[slurm-users] Fwd: Getting information about AssocGrpCPUMinutesLimit for a job

Sun Aug 11 14:17:31 UTC 2019

Andreas made a good suggestion of looking at the user's TRESRunMin from 
sshare in order to answer Jeff's question about AssocGrpCPUMinutesLimit 
for a job.  However, getting at this information is in practice really 
complicated, and I don't think any ordinary user will bother to look it up.

Due to this complexity, I have added some new functionality to my 
"showjob" script available from 
https://github.com/OleHolmNielsen/Slurm_tools/tree/master/jobs.

The "showjob" tool now tries to extract the information by combining the 
sshare, squeue, and sacctmgr commands.  The job reasons 
AssocGrpCPUMinutesLimit as well as AssocGrpCpuLimit are treated.

An example output for a job is:

$ showjob  1347368
Job 1347368 of user xxx in account yyy has a jobstate=PENDING with 
reason=AssocGrpCpuLimit

Information about GrpCpuLimit:
User GrpTRES limit is:     cpu=1600
Current user TRES is:      cpu=1360
This job requires TRES:    cpu=960
...

I think some end users might find this information useful.

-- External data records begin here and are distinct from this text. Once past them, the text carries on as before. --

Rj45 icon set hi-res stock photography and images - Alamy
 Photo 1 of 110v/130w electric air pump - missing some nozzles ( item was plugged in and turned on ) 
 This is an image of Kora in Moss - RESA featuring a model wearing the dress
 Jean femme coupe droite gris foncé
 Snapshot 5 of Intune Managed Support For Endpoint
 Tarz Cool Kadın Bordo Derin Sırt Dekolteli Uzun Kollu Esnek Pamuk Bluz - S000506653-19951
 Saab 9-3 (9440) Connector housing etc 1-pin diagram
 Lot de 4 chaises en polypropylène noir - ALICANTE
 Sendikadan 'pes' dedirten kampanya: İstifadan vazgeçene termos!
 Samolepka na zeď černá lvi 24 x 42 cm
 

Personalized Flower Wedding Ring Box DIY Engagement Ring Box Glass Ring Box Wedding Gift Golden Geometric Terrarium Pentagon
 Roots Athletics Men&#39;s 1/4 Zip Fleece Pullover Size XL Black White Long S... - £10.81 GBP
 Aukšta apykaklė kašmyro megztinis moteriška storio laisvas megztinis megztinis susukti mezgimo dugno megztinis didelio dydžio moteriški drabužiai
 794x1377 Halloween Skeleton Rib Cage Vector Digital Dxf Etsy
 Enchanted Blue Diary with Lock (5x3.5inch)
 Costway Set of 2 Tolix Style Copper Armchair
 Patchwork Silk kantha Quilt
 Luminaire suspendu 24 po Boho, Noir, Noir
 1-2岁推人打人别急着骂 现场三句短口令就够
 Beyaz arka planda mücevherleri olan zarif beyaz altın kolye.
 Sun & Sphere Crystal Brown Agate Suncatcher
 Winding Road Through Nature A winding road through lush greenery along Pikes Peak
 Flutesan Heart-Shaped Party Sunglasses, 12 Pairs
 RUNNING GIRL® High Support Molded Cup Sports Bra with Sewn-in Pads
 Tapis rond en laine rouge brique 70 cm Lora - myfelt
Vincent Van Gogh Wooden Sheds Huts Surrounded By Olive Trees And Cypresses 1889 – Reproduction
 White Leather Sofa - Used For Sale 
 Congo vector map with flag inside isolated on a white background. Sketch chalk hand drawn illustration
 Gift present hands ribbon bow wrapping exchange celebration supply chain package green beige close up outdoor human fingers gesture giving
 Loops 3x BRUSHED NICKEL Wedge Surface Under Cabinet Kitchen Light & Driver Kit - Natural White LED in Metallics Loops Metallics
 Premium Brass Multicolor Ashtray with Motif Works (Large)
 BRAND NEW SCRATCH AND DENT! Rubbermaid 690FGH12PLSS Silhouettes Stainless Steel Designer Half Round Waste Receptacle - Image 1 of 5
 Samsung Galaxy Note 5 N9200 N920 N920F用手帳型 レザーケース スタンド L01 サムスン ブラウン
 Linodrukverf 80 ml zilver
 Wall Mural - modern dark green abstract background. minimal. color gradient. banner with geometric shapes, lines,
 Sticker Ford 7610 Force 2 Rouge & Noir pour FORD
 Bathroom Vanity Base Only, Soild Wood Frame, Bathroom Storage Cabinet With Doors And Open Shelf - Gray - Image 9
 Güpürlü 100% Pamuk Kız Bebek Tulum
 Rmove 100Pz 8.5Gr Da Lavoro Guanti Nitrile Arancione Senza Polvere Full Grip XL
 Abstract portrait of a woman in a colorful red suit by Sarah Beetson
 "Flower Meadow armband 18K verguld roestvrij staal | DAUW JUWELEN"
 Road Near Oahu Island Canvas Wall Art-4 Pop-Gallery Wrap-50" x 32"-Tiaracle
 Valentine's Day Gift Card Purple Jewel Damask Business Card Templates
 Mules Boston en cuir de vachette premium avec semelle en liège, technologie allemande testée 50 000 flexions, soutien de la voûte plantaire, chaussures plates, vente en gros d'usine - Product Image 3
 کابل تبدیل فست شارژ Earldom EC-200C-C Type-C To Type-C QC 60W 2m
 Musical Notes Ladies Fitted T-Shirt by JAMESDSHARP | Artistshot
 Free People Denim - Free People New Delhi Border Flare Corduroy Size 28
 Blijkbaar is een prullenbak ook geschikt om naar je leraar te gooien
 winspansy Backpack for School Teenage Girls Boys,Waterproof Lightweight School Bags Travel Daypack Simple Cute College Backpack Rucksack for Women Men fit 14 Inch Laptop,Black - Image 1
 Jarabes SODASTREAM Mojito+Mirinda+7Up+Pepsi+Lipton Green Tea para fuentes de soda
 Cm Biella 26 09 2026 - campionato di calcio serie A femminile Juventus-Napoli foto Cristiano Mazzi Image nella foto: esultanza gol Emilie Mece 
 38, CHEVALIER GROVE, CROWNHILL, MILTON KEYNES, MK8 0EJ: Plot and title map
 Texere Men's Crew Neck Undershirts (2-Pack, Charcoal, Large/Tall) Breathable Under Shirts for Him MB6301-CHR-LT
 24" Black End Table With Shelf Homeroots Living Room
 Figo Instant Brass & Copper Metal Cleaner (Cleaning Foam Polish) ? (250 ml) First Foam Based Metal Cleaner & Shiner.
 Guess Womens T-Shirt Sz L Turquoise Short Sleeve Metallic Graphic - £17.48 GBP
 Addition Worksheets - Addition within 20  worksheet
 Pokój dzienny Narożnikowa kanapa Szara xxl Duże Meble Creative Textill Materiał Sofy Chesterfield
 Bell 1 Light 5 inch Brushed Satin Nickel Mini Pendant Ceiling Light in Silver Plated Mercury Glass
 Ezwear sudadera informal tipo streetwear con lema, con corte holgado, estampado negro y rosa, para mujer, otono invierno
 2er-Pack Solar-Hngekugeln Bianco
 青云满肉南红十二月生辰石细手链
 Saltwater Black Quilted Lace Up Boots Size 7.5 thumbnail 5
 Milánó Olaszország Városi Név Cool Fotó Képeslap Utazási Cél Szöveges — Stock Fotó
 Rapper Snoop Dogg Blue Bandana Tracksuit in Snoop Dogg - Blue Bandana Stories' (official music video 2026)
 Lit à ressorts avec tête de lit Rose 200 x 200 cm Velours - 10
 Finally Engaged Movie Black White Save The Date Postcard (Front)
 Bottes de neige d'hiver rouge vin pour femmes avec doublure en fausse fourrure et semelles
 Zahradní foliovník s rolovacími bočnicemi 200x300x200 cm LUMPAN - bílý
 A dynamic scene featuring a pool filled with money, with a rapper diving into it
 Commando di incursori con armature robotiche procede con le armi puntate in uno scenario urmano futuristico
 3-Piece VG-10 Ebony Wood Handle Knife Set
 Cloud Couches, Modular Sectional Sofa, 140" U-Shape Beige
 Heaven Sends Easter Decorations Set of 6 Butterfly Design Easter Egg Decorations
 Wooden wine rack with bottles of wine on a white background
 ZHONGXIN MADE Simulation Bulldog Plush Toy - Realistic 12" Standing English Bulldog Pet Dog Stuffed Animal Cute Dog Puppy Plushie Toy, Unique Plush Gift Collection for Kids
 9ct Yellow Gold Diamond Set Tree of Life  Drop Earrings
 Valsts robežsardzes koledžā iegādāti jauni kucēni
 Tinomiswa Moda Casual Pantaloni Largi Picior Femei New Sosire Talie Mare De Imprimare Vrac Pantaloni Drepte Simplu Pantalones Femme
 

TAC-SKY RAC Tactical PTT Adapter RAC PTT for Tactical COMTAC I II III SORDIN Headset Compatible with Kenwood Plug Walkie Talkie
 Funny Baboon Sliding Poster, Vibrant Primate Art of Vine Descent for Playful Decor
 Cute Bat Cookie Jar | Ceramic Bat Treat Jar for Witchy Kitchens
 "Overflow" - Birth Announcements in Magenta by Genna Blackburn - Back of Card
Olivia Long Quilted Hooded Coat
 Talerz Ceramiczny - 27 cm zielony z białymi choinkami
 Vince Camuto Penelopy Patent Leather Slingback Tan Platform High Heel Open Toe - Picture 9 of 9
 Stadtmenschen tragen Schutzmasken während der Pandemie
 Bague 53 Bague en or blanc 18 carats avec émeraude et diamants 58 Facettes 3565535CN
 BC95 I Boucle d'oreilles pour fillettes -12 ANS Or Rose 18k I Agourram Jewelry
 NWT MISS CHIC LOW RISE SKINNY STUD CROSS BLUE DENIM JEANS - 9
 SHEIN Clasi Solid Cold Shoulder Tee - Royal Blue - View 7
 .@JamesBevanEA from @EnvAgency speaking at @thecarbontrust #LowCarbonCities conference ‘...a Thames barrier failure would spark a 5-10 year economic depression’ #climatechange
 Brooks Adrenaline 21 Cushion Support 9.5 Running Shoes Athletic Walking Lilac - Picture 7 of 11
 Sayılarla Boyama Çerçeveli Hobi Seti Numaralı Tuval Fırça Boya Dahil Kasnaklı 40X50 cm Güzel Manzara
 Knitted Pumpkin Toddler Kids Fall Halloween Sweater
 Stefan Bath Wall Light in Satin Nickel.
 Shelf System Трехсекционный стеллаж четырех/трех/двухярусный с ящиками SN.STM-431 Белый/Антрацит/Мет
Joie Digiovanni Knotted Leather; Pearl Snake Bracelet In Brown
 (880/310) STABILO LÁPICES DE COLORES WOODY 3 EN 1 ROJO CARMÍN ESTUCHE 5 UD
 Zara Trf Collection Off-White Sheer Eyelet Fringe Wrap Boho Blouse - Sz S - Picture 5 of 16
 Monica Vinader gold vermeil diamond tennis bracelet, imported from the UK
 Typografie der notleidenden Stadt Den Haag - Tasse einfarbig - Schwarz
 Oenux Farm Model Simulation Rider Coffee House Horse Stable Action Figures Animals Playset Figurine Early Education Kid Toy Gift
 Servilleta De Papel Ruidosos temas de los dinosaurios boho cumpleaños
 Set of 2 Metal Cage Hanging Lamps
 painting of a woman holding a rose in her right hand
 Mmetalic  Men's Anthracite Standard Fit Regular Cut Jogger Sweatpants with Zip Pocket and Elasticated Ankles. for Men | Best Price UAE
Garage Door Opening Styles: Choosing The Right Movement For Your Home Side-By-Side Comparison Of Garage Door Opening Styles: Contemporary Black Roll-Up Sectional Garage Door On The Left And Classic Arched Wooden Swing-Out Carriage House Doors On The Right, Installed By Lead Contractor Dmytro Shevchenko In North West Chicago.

Could I ask any interested sites to test the "showjob" tool to see if 
the logic works also in their environment?  Please send me feedback so 
that I may possibly improve the tool.

Best regards,
Ole

On 09-08-2019 08:00, Henkel, Andreas wrote:
>> Users may call sshare -l and have a look at the TRESRunMin. There the
>> number  of  TRES-minutes  allocated  by jobs currently running against
>> the account is listed. With a little math (cpu*timelimit) about the job
>> in question the users should be able to figure this out. At least they
>> wouldn't need the debug level increased ot a log file.
>>
>> Best,
>>
>> Andreas
>>
>> On 8/7/19 8:47 PM, Sarlo, Jeffrey S wrote:
>>> We had a job queued waiting for resources and when we changed the 
>>> debug level, we were able to get the following in the slurmctld.log file.
>>>
>>> [2019-08-02T10:03:47.347] debug2: JobId=804633 being held, the job is 
>>> at or exceeds assoc 50(jeff/(null)/(null)) group max tres(cpu) 
>>> minutes of 30000000 of which 1436396 are still available but request 
>>> is for 1440000 (plus 0 already in use) tres minutes (request tres 
>>> count 80)
>>>
>>> We were then able to see that we just needed to lower the timelimit 
>>> for the job a little.
>>>
>>> Is there a way a user can get this same type of information for a 
>>> job, without having to change the slurm debug level and then looking 
>>> in a log file?